Work order.
The result should be the lines from the one holding "king kong - he was a friend + version" to the end of the records below, repeated exactly. No pictures.

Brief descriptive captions
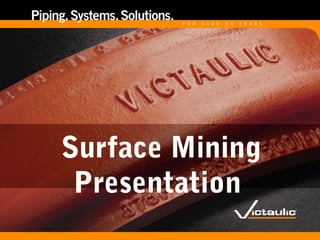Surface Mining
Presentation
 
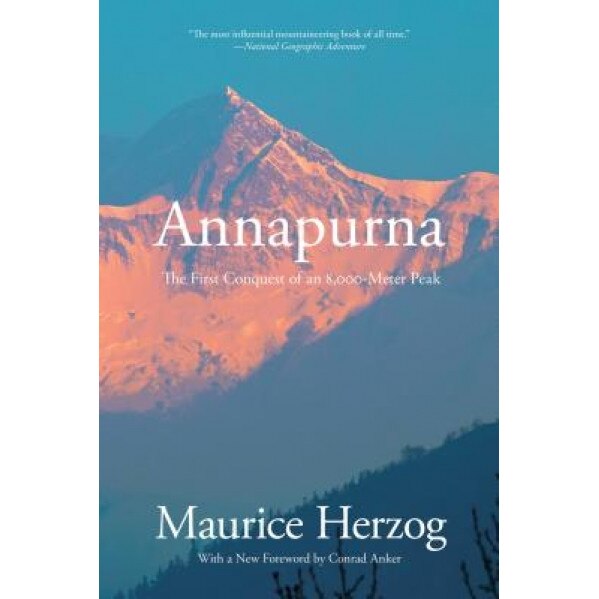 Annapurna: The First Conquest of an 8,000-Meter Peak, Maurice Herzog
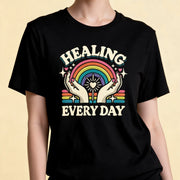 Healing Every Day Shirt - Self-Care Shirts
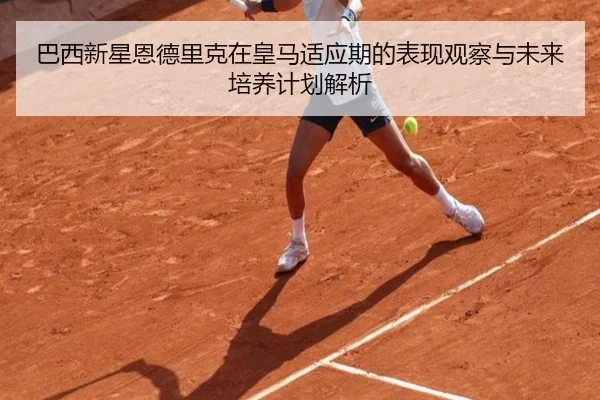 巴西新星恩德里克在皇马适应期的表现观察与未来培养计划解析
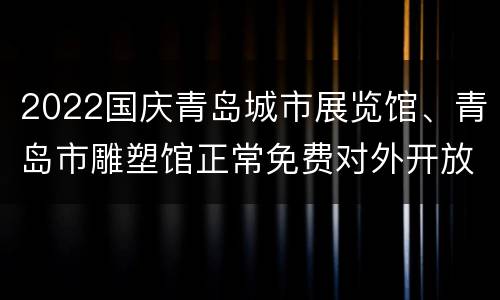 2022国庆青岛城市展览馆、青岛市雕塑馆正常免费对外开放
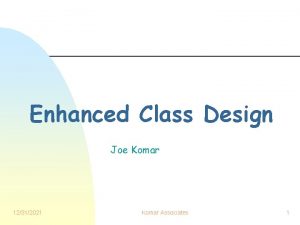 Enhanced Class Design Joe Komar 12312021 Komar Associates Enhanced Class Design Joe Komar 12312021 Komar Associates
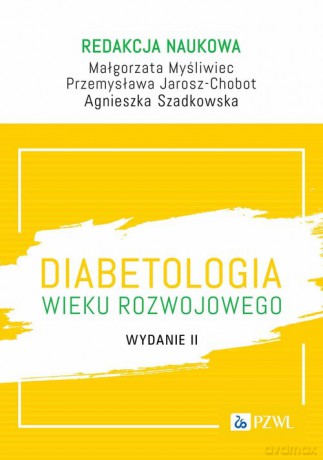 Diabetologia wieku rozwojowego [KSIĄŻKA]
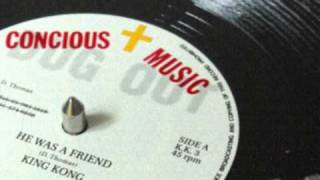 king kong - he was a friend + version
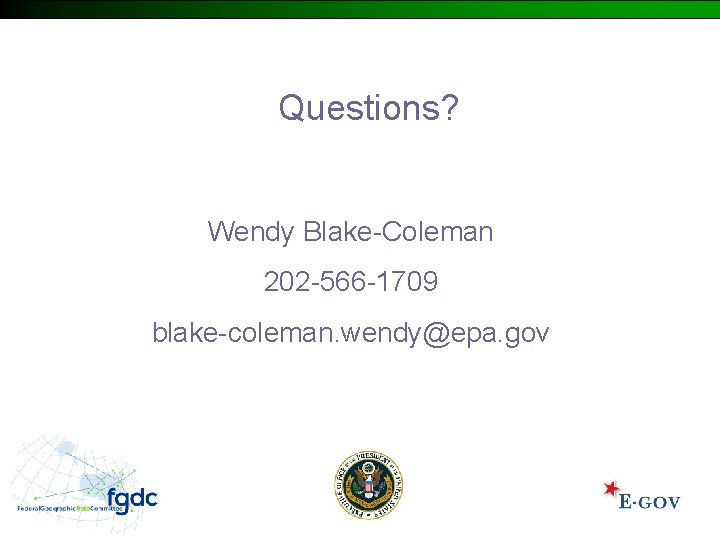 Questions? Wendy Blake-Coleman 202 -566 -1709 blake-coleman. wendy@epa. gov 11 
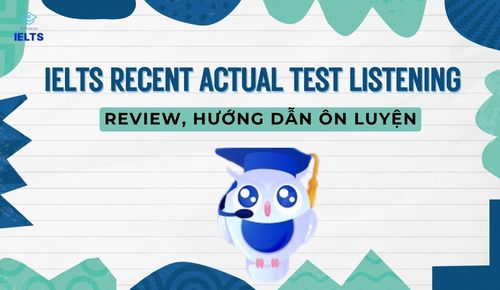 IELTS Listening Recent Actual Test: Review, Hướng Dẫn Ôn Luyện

Output below.
 king kong - he was a friend + version
 Questions? Wendy Blake-Coleman 202 -566 -1709 blake-coleman. wendy@epa. gov 11 
 IELTS Listening Recent Actual Test: Review, Hướng Dẫn Ôn Luyện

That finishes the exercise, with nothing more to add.